:: What to produce ::
Retype the listing below line for line, but only from the line with "7 Ways To Show" down to the line with "Air Jordan 11 White", inclusive. Pictures stay out.

:: Entries supplied ::
◆ ◆ ◆ ◆
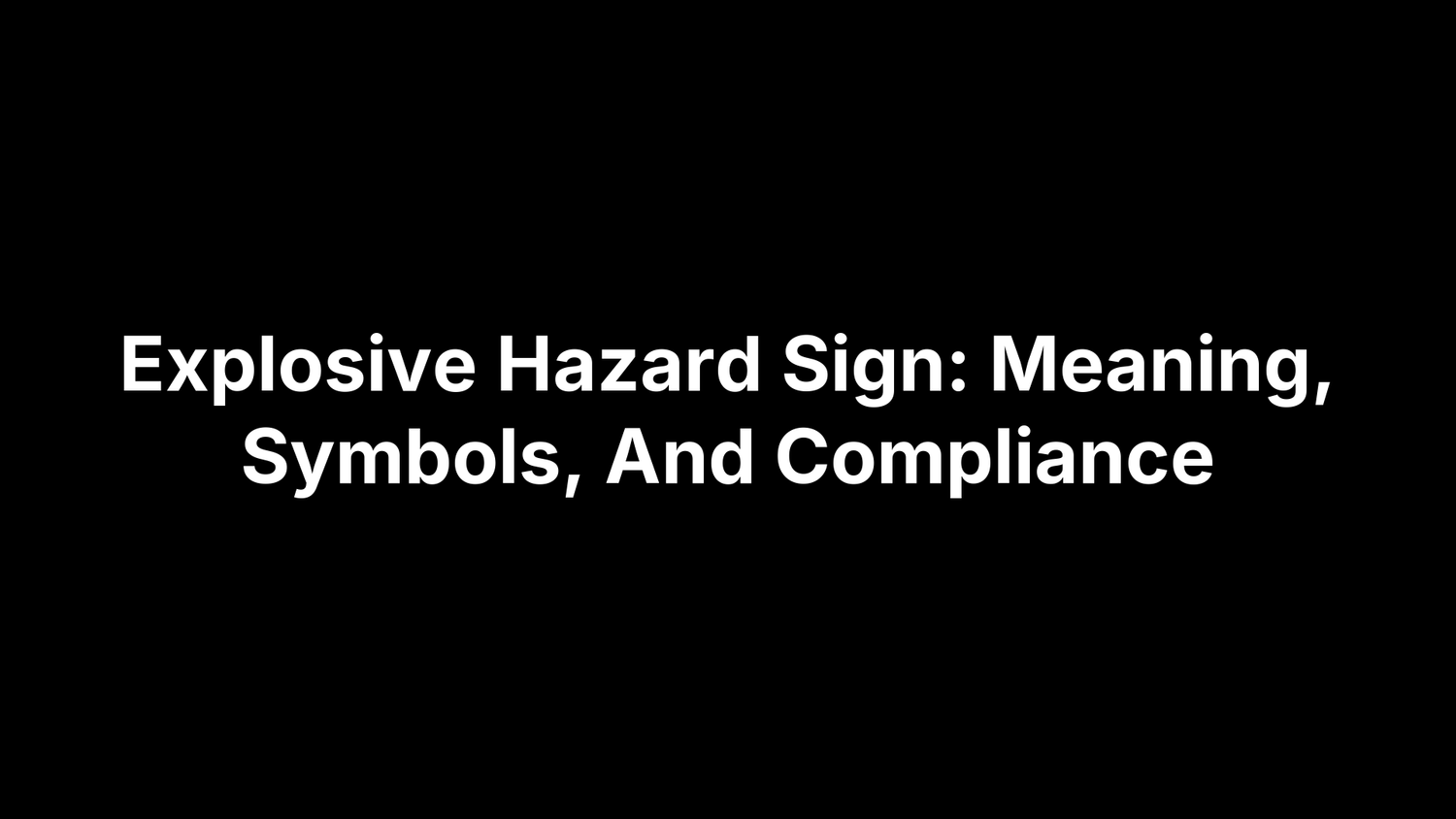 Explosive Hazard Sign: Meaning, Symbols, And Compliance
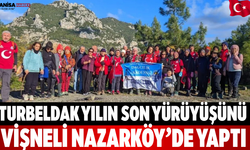 TURBELDAK Yılın Son Yürüyüşünü Vişneli Nazarköy’de Yaptı
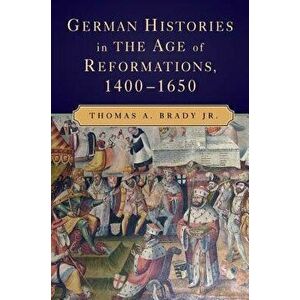 German Histories in the Age of Reformations, 1400-1650, Paperback - Thomas A. Brady Jr imagine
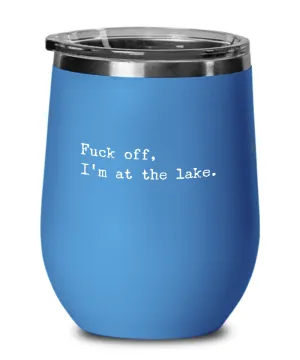 Fuck Off I'm At the Lake Insulated Wine Tumbler 12oz Travel Cup Funny Gift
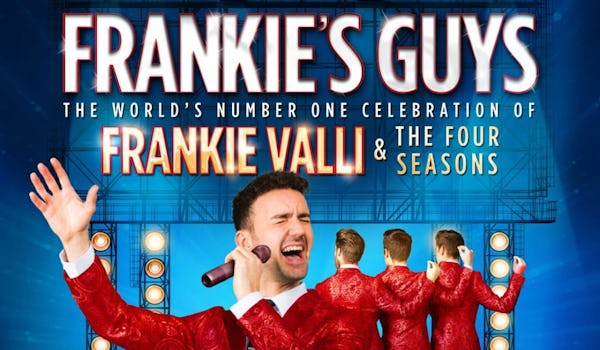 Frankie's Guys: A Celebration of Frankie Valli & The Four Seasons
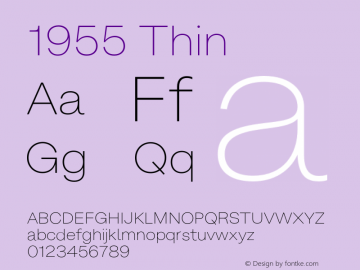 1955 Thin Version 1.000;Glyphs 3.1.1 (3141)图片样张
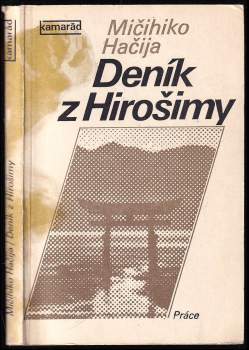 Michihiko Hachiya: Deník z Hirošimy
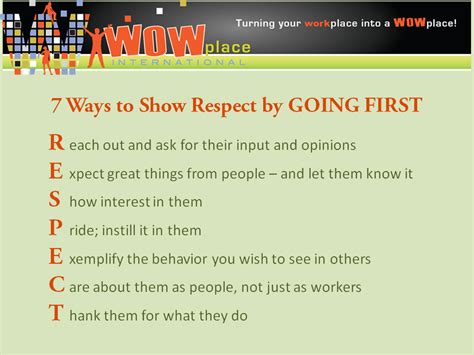 7 Ways To Show Respect By Going First Wow Leaders Wow Associates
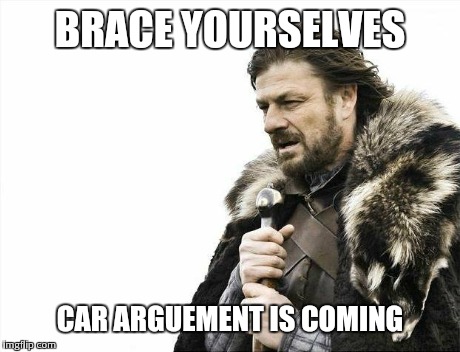 Brace Yourselves X is Coming Meme | BRACE YOURSELVES CAR ARGUEMENT IS COMING | image tagged in memes,brace yourselves x is coming | made w/ Imgflip meme maker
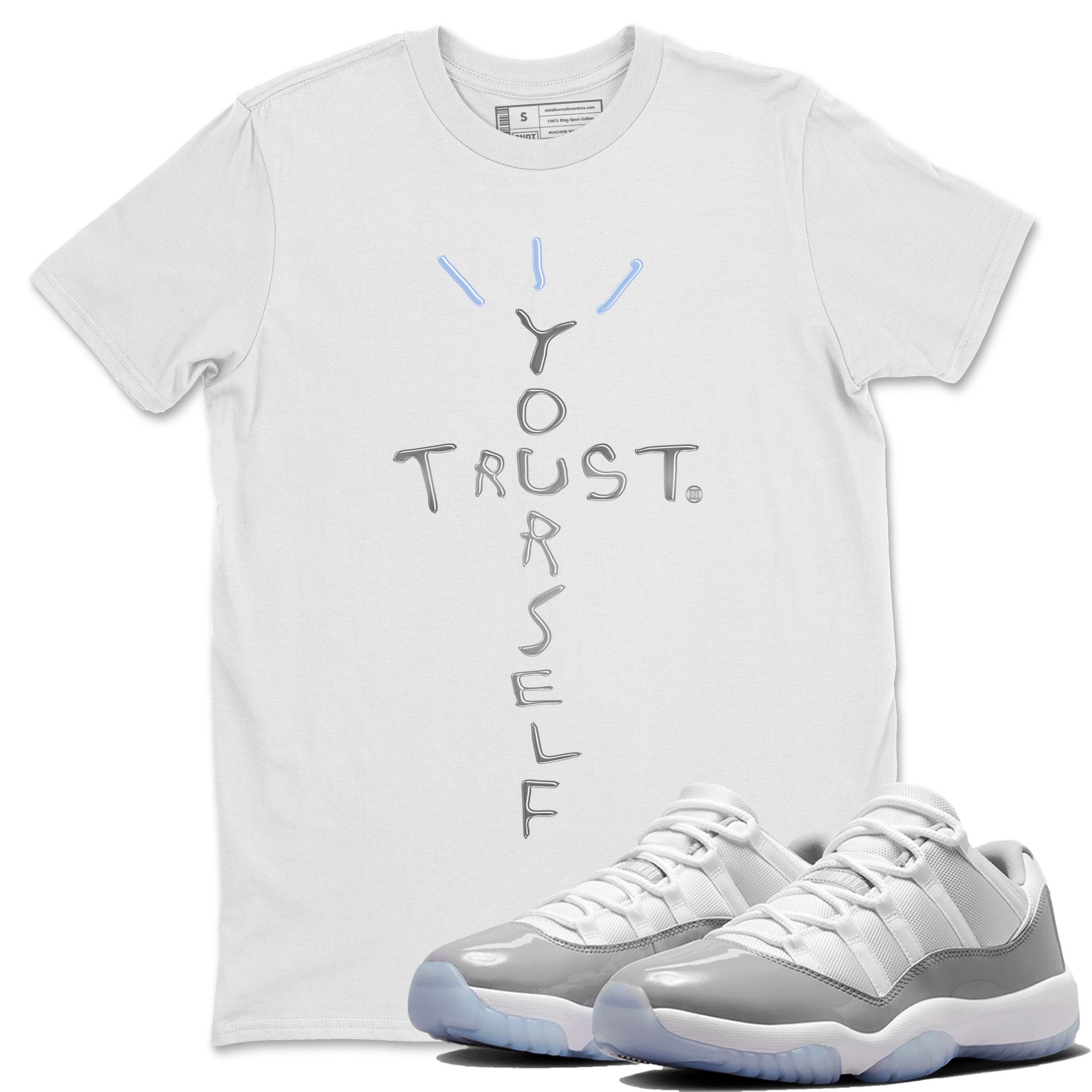 Air Jordan 11 White Cement Sneaker Match Tees Trust Yourself Streetwear Sneaker Shirt Air Jordan 11 Cement Grey Sneaker Release Tees Unisex Shirts White 1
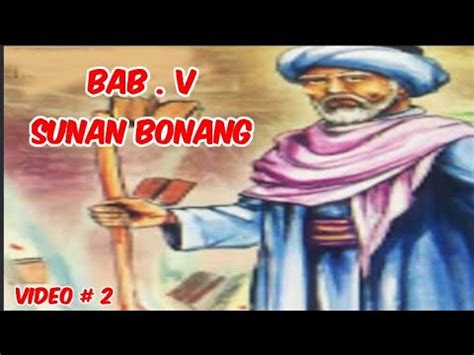 ASAL MULA SUNAN BONANG SYEKH MAULANA MAKDUM IBRAHIM Video 2 YouTube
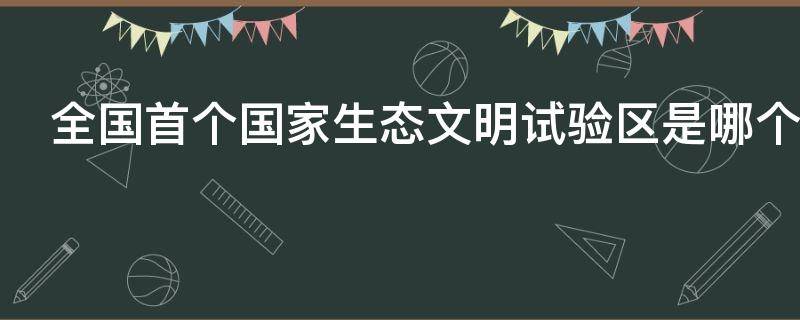 全国首个国家生态文明试验区是哪个省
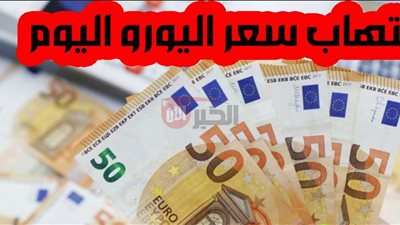 ارتفاع سعر اليورو اليوم في البنك الأهلي مقابل الجنيه المصري.. ما السبب؟
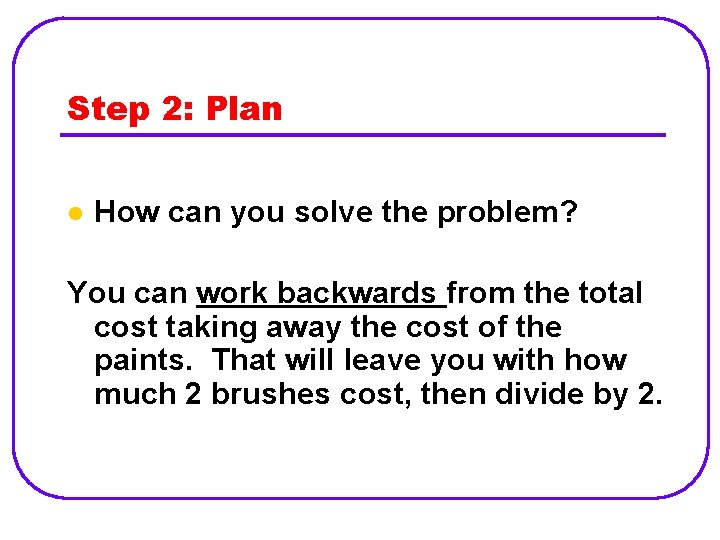 Step 2: Plan l How can you solve the problem? You can work backwards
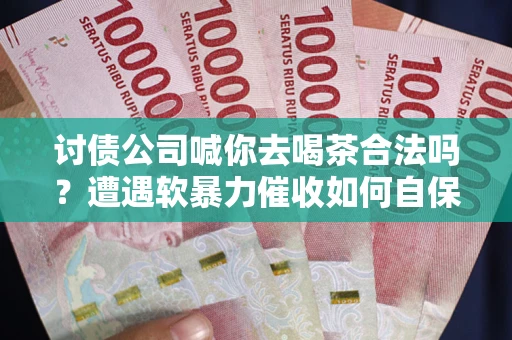 济南讨债公司喊你去喝茶合法吗？遭遇软暴力催收如何自保？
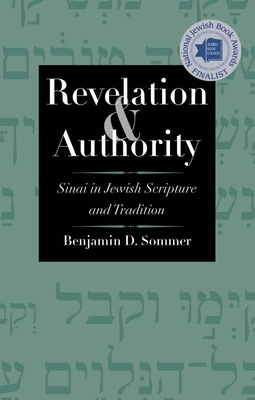 Revelation and Authority: Sinai in Jewish Scripture and Tradition by Benjamin D. Sommer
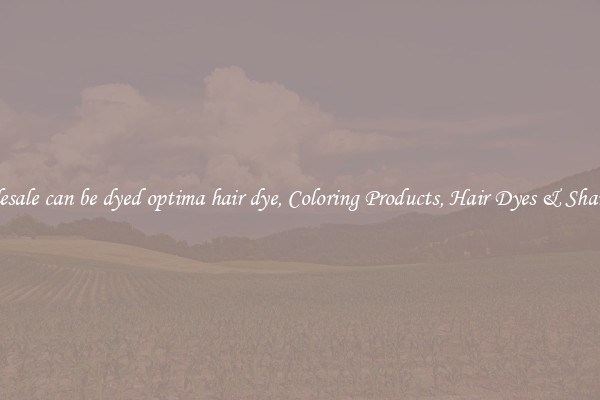 Wholesale can be dyed optima hair dye, Coloring Products, Hair Dyes & Shampoos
◆ ◆ ◆ ◆
:: Task answer ::
 7 Ways To Show Respect By Going First Wow Leaders Wow Associates
 Brace Yourselves X is Coming Meme | BRACE YOURSELVES CAR ARGUEMENT IS COMING | image tagged in memes,brace yourselves x is coming | made w/ Imgflip meme maker
 Air Jordan 11 White Cement Sneaker Match Tees Trust Yourself Streetwear Sneaker Shirt Air Jordan 11 Cement Grey Sneaker Release Tees Unisex Shirts White 1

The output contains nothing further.